Zo ziet men het evenzo bij de drie zonen van Noach, zo ook bij Abraham met Israël en Ismael, in het bijzonder echter bij Israël met Ezau en Jacob. Daarom zegt God ook “Jacob heb ik liefgehad en Ezau heb ik gehaat.” Dit is niets anders, dan dat beide eigenschappen in de natuur hevig met elkander hebben geworsteld. Want wanneer God in de natuur terzelfder tijd werkt en Hij wil zich aan de wereld openbaren door de vrome Abra­ham, Izaak en Jacob en Hij wil Zijn kerk op aarde stichten tot Zijn glorie en heerlijkheid, zo werkt in de natuur ook mede de boosheid en haar aanvoerder Lucifer. Wijl nu in de mens het boze en het goede was, zo konden beide eigenschappen in hem regeren; daarom werd een slecht en een goed mens in één moeder tegelijk geboren.

Zo is het ook in de aanvang aller dingen, evenals in deze, onze tijd, duidelijk te zien, dat het Hemelse en het duivelse in de natuur steeds en allerwege met elkander geworsteld hebben en gezwoegd, als een vrouw in barensnood.
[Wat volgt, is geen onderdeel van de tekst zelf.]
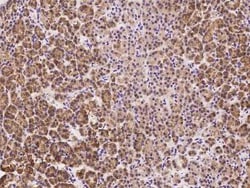 SRP72 Antibody, Novus Biologicals:Antibodies:Primary Antibodies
Bij Adam en Eva is dat het duidelijkst te zien, want er groeide in het Paradijs een boom des goeds en des kwaads, dus van beide eigen­schappen. Adam en Eva moesten beproefd worden, of ze leven konden uit het goede op de wijze zoals Engelen leven. Want de Schepper ver­bood Adam en Eva van de vrucht te eten. Maar de boze eigenschap in de natuur worstelde met de goede en bracht Adam en Eva er toe, van beide te eten. Daarom verkregen ze ook op dat zelfde ogenblik de dierlijke gestalte en vorm en aten van het boze en van het goede en zij moesten zich op dierlijke wijze vermenigvuldigen en 'leven en menige edele twijg, die uit hen werd geboren, werd vernietigd. Hieruit ziet men, hoe God in de natuur heeft gearbeid, toen de heilige vaderen in de aanvang geboren werden, zoals Abel, Seth, Enos, Henau, Mahalaleel, Jared, Henoch, Methusalem, Sanech en de heilige Noach; zij hebben aan de wereld de naam des Heren verkondigd en boete ge­predikt, want de Heilige Geest heeft in hen gewerkt. Daartegenover staat, dat de duivelse geest ook in de natuur heeft gewerkt en spotters en verachters heeft doen geboren worden, eerstens Kaïn en zijn nakome­lingen en het is met de mensen van de oude tijd gegaan als met een jonge boom, hij groeit, groent en bloeit wel maar brengt, wegens zijn wilde natuur, weinig goede vruchten voort. Zo gaf ook de natuur in de oude tijd weinig goede vruchten, al bloeide ze ook overdadig, want de Heilige Geest, die ook ditmaal in de natuur gewerkt had, zoals ook heden nog, kon er geen bezit van nemen. Daarom sprak God: “het be­rouwt mij, dat ik de mensen gemaakt heb” en liet alle vlees, dat op land leefde, sterven; de wortel en de stam bleven staan en God heeft de wilde boom bemest en toebereid, opdat hij betere vruchten zou dragen. Maar toen de boom weer groende, bracht hij wederom goede en slechte vruchten voort, nml. bij de zonen van Noach; er kwamen spoedig weer spotters en Godsverachters en er groeide nauwelijks één groene tak aan de boom, die heilige en goede vruchten voortbracht, de andere takken droegen wilde loten.